Not perfect. Not polished. Just alive.
I still remember those days — Geocities, Angelfire, and all those strange, beautiful websites people made for themselves.
Bright colors, moving gifs
, music that started the second you opened the page.
It was messy, personal, full of feeling.



People didn’t make websites to impress anyone.
They made them because they were excited — to share their thoughts, their favorite songs, their weird hobbies.
You could feel that excitement, even through a 480p screen.

It wasn’t about “design” or “readability” or “SEO.”
It was about you.
About making something that felt like home.

Now, when I browse the internet, it all looks the same.
Every site is clean, simple, and serious.
Beautiful, yes — but quiet in the wrong way.
It feels like walking through a city where every building looks identical.

That’s why I sometimes scroll through Neocities.
It reminds me of what we’ve lost —
and what’s somehow still surviving.
People there are still creating for the fun of it.
No brands. No strategies. Just… people.
Building, sharing, experimenting.

It feels comforting.
Like finding a small garden hidden in the middle of a concrete city.

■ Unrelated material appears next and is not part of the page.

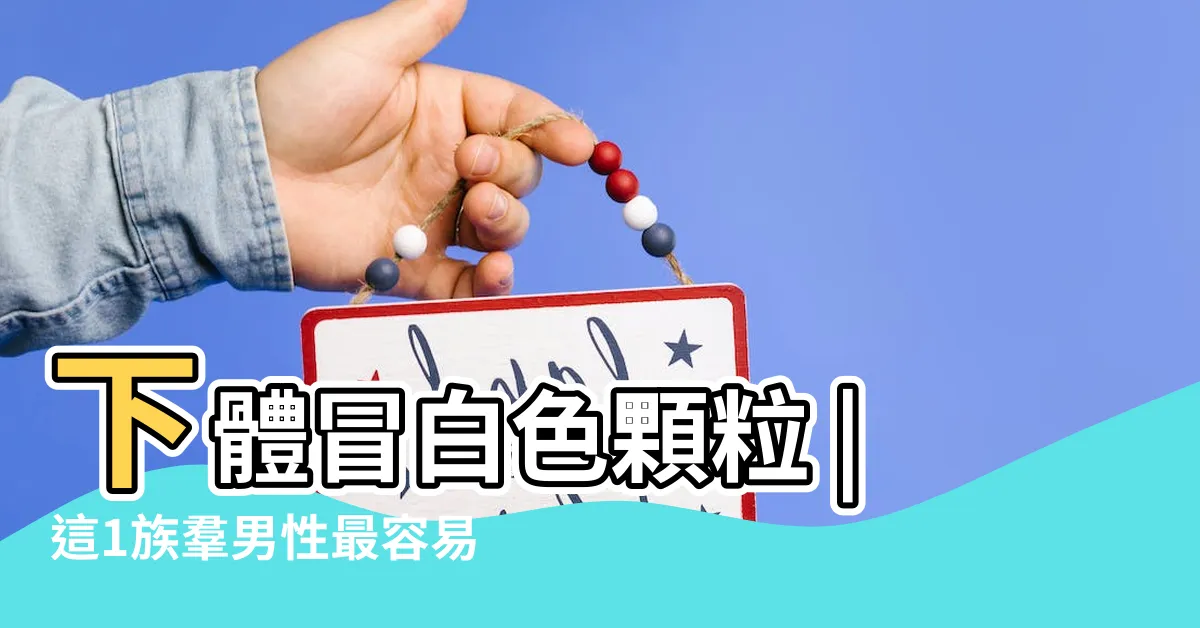 【男性下體】下體冒白色顆粒 |這1族羣男性最容易長 |是菜花嗎 |
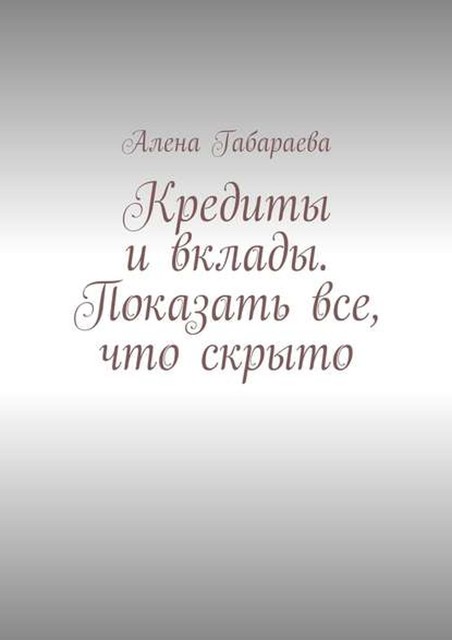 Кредиты и вклады. Показать все, что скрыто, Алена Габараева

I think I miss that — the joy of building something even if no one was watching.
The freedom to make a website that looked exactly how you felt that day.
Bright, broken, personal.
We made the internet too neat, too correct.
But maybe it was never supposed to be perfect.
Maybe it was supposed to be human.
And maybe that’s the biggest irony of all. I miss the slow, messy beauty of the old internet — the hand-coded pages, the clashing colors, the personal chaos. Yet here I am, building this on a clean, modern design template. Craving the past while still choosing the polish of now. Maybe that’s just who we’ve become — nostalgic for the noise of imperfection, but still reaching for what feels efficient.